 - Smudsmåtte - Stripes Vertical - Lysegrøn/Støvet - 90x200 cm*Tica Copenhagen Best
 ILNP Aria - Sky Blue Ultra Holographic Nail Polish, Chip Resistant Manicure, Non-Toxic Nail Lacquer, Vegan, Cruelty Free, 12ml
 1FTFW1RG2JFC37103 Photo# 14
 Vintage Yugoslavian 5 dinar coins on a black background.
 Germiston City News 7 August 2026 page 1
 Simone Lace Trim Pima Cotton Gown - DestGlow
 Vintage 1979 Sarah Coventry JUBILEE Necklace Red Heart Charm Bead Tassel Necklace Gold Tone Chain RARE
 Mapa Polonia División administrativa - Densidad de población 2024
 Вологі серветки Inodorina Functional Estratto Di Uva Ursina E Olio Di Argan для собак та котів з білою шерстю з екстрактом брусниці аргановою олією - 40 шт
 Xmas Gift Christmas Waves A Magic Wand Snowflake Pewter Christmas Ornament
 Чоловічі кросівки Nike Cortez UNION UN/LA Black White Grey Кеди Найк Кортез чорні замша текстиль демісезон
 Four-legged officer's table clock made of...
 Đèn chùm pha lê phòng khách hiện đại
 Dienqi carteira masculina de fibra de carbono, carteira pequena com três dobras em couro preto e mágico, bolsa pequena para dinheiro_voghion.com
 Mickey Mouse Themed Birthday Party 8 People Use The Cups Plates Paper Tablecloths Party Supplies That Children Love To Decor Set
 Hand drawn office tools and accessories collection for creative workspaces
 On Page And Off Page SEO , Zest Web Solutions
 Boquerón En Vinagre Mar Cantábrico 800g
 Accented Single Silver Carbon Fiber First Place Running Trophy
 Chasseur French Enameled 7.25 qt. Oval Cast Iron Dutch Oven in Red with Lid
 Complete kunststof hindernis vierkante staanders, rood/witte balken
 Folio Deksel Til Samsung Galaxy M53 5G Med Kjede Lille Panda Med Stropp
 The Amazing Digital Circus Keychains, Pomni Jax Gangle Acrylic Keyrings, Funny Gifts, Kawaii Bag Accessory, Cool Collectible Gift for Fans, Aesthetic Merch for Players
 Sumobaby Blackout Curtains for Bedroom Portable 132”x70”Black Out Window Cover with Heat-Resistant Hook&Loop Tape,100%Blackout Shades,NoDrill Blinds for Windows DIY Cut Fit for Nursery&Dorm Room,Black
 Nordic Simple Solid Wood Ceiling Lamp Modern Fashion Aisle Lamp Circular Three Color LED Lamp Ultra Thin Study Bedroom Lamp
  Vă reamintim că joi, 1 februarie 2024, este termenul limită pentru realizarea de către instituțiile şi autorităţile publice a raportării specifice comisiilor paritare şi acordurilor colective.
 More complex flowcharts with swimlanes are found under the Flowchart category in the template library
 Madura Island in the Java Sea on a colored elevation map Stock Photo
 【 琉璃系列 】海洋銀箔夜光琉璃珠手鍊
•••
# EXERCISE DETAILS:
Give back each record above exactly as written.

# ANSWER FOR THIS EXERCISE:
 - Smudsmåtte - Stripes Vertical - Lysegrøn/Støvet - 90x200 cm*Tica Copenhagen Best
 ILNP Aria - Sky Blue Ultra Holographic Nail Polish, Chip Resistant Manicure, Non-Toxic Nail Lacquer, Vegan, Cruelty Free, 12ml
 1FTFW1RG2JFC37103 Photo# 14
 Vintage Yugoslavian 5 dinar coins on a black background.
 Germiston City News 7 August 2026 page 1
 Simone Lace Trim Pima Cotton Gown - DestGlow
 Vintage 1979 Sarah Coventry JUBILEE Necklace Red Heart Charm Bead Tassel Necklace Gold Tone Chain RARE
 Mapa Polonia División administrativa - Densidad de población 2024
 Вологі серветки Inodorina Functional Estratto Di Uva Ursina E Olio Di Argan для собак та котів з білою шерстю з екстрактом брусниці аргановою олією - 40 шт
 Xmas Gift Christmas Waves A Magic Wand Snowflake Pewter Christmas Ornament
 Чоловічі кросівки Nike Cortez UNION UN/LA Black White Grey Кеди Найк Кортез чорні замша текстиль демісезон
 Four-legged officer's table clock made of...
 Đèn chùm pha lê phòng khách hiện đại
 Dienqi carteira masculina de fibra de carbono, carteira pequena com três dobras em couro preto e mágico, bolsa pequena para dinheiro_voghion.com
 Mickey Mouse Themed Birthday Party 8 People Use The Cups Plates Paper Tablecloths Party Supplies That Children Love To Decor Set
 Hand drawn office tools and accessories collection for creative workspaces
 On Page And Off Page SEO , Zest Web Solutions
 Boquerón En Vinagre Mar Cantábrico 800g
 Accented Single Silver Carbon Fiber First Place Running Trophy
 Chasseur French Enameled 7.25 qt. Oval Cast Iron Dutch Oven in Red with Lid
 Complete kunststof hindernis vierkante staanders, rood/witte balken
 Folio Deksel Til Samsung Galaxy M53 5G Med Kjede Lille Panda Med Stropp
 The Amazing Digital Circus Keychains, Pomni Jax Gangle Acrylic Keyrings, Funny Gifts, Kawaii Bag Accessory, Cool Collectible Gift for Fans, Aesthetic Merch for Players
 Sumobaby Blackout Curtains for Bedroom Portable 132”x70”Black Out Window Cover with Heat-Resistant Hook&Loop Tape,100%Blackout Shades,NoDrill Blinds for Windows DIY Cut Fit for Nursery&Dorm Room,Black
 Nordic Simple Solid Wood Ceiling Lamp Modern Fashion Aisle Lamp Circular Three Color LED Lamp Ultra Thin Study Bedroom Lamp
  Vă reamintim că joi, 1 februarie 2024, este termenul limită pentru realizarea de către instituțiile şi autorităţile publice a raportării specifice comisiilor paritare şi acordurilor colective.
 More complex flowcharts with swimlanes are found under the Flowchart category in the template library
 Madura Island in the Java Sea on a colored elevation map Stock Photo
 【 琉璃系列 】海洋銀箔夜光琉璃珠手鍊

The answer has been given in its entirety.